青森県の伝統野菜 笊石かぶ(ざるいしかぶ)

出典:あおもり産品販売促進協議会

 

「筒井(つつい)紅(あか)かぶ」
「笊石(ざるいし)かぶ」

 青森市には「筒井(つつい)紅(あか)かぶ」、「笊石(ざるいし)かぶ」という2つの伝統野菜があります。

「筒井紅かぶ」は、主に筒井地区で栽培され、皮は濃い赤色で茎まで赤く、内部はほんのり赤くて、一部濃い赤色の部分があります。食感は硬めで、生で食すとやや辛味があり、加熱すると甘みが出ます。酢漬けにすると鮮やかな赤い漬物になるのが特徴です。

「笊石かぶ」は、主に久栗坂地区で栽培され、同地区が「笊石」と呼ばれていたことが名前の由来と言われています。皮は濃い赤色から紫色で、茎は緑色、内部は白く、一部ピンク色の部分があります。食感はやや硬めで、生で食すと甘みがあり、酢漬けにするときれいなピンク色で独特の辛味が出ます。

この2つのかぶは、津軽の郷土食である赤かぶ漬けの原料として戦前から栽培されてきました。

 青森市で戦前から栽培されている伝統野菜「笊石(ざるいし)かぶ」の収穫作業が25日、同市久栗坂の畑で行われた。笊石かぶは生産者の高齢化などで消滅の危機にひんしており、市が本年度から栽培支援に本腰を入れたばかり。生産者と市職員が力を合わせ、鮮やかに色づいた小ぶりのカブを収穫した。

 笊石かぶは、独特の酸味と食感があり、主に漬物用として栽培されてきたが、市販品種より形がそろいにくく、手間もかかるため、近年は栽培農家が激減。市が今春時点で把握する生産者は1人となっていた。

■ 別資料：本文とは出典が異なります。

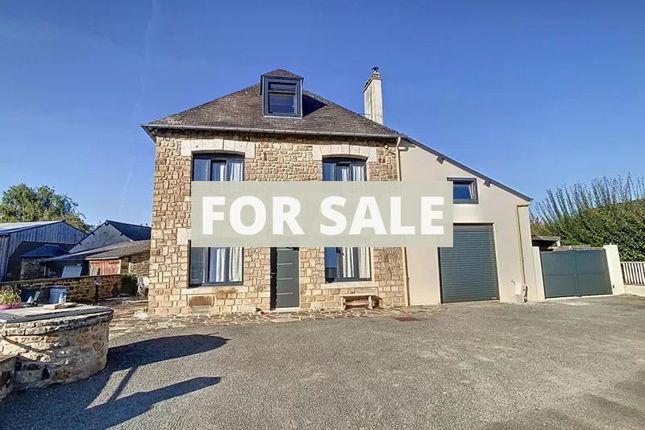 Detached house for sale in Isigny-Le-Buat, Basse-Normandie, 50540, France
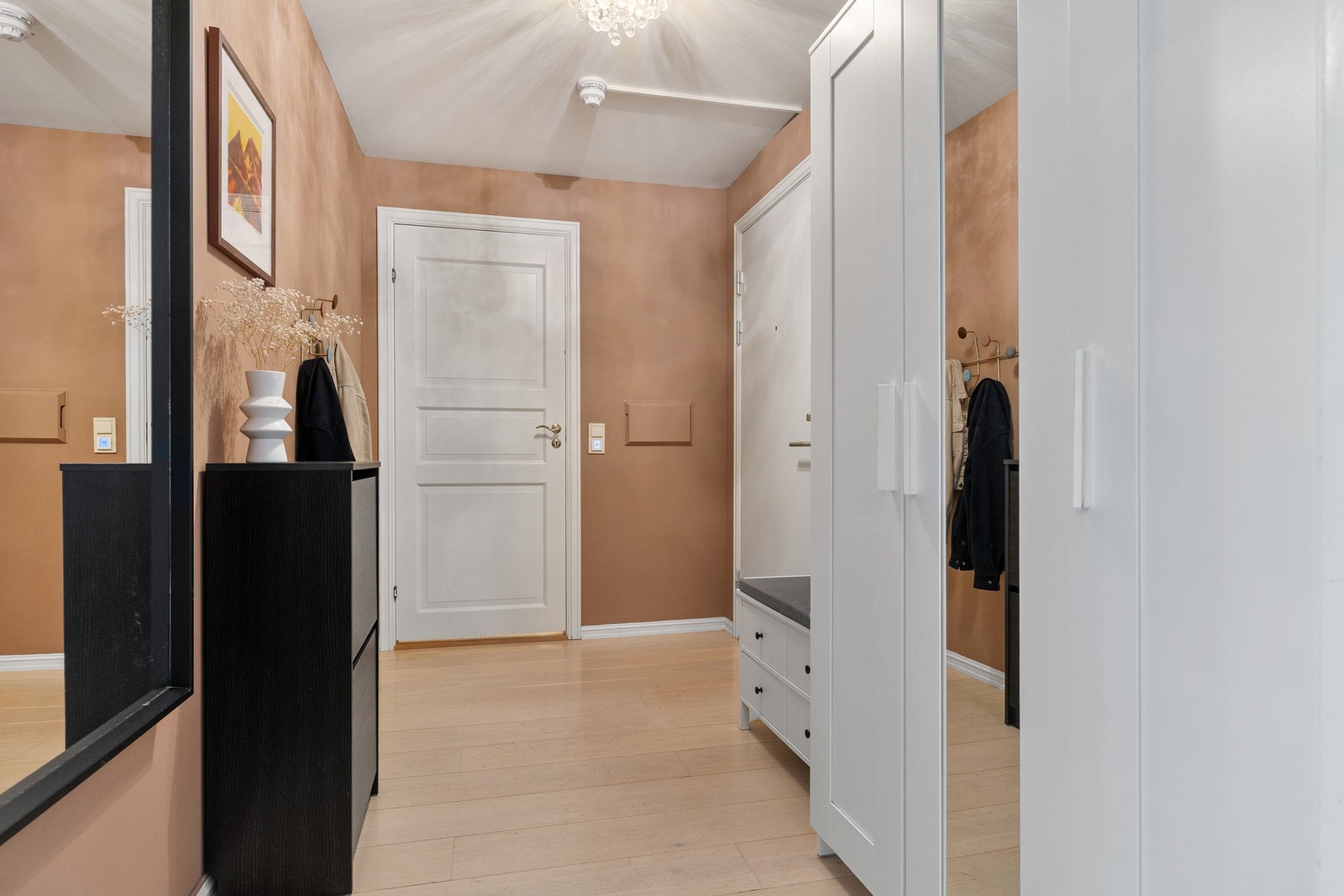 Entréen gir et godt førsteinntrykk av boligen. Galleribilde
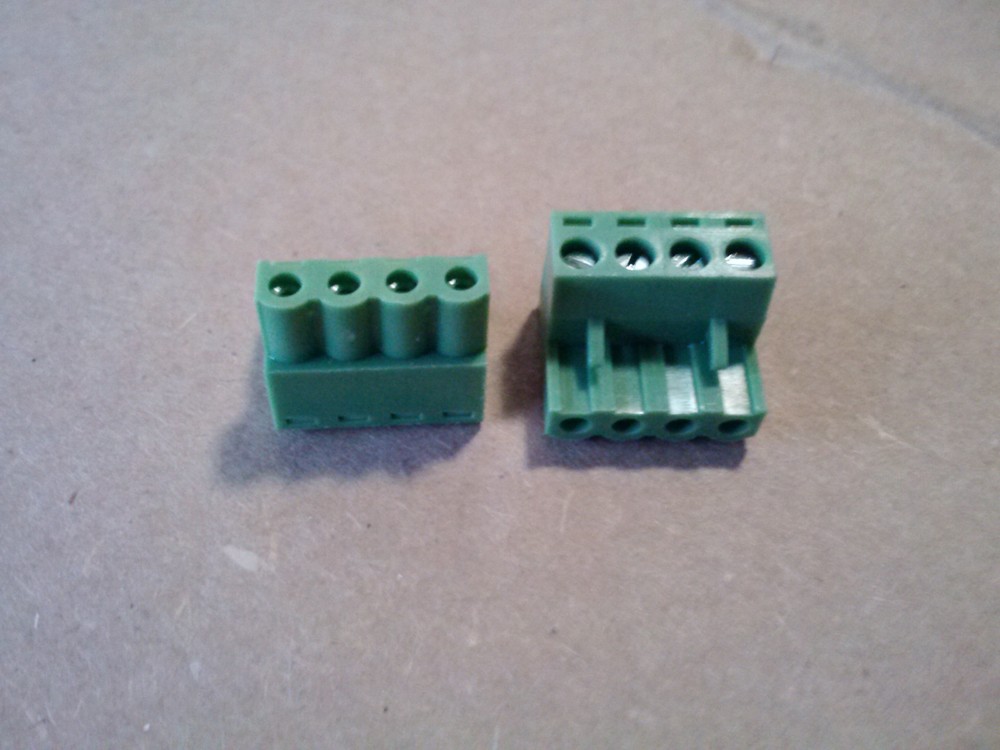 4-Pin Processor / Equalizer Power Plug KICKER Front Row ZXDSP1 ZXSUM8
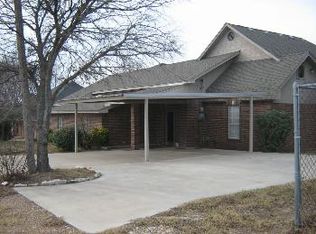 125 N 1st St, Mc Gregor, TX 76657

 市は本年度、栽培支援の経費を予算化し、土壌管理や水やりなど生産に関するデータ収集、生産者向けの講習会に取り組んだ結果、6人が生産することになり、8月に種まきを実施。来年度はさらに1人増え、7人になる見込みという。

 25日の収穫作業は、地元農家の熊谷チヤさん(86)の畑で行われ、自身も笊石かぶを栽培する久栗坂町会役員の柴田修治さん(76)、市あおもり産品支援課の職員らが参加。直径8~10センチほどに実ったカブ約130本を一つ一つ丁寧に掘り起こし、水洗いした上で天日干しにした。

 熊谷さんは「数十年ぶりに栽培したが、無事に収穫できて良かった。食べてみるのが楽しみ」と笑顔。柴田さんは「種をまくタイミングや生育の面で難しいところもあるが、今後も地元で生産する農家を増やしていければ」と力を込めた。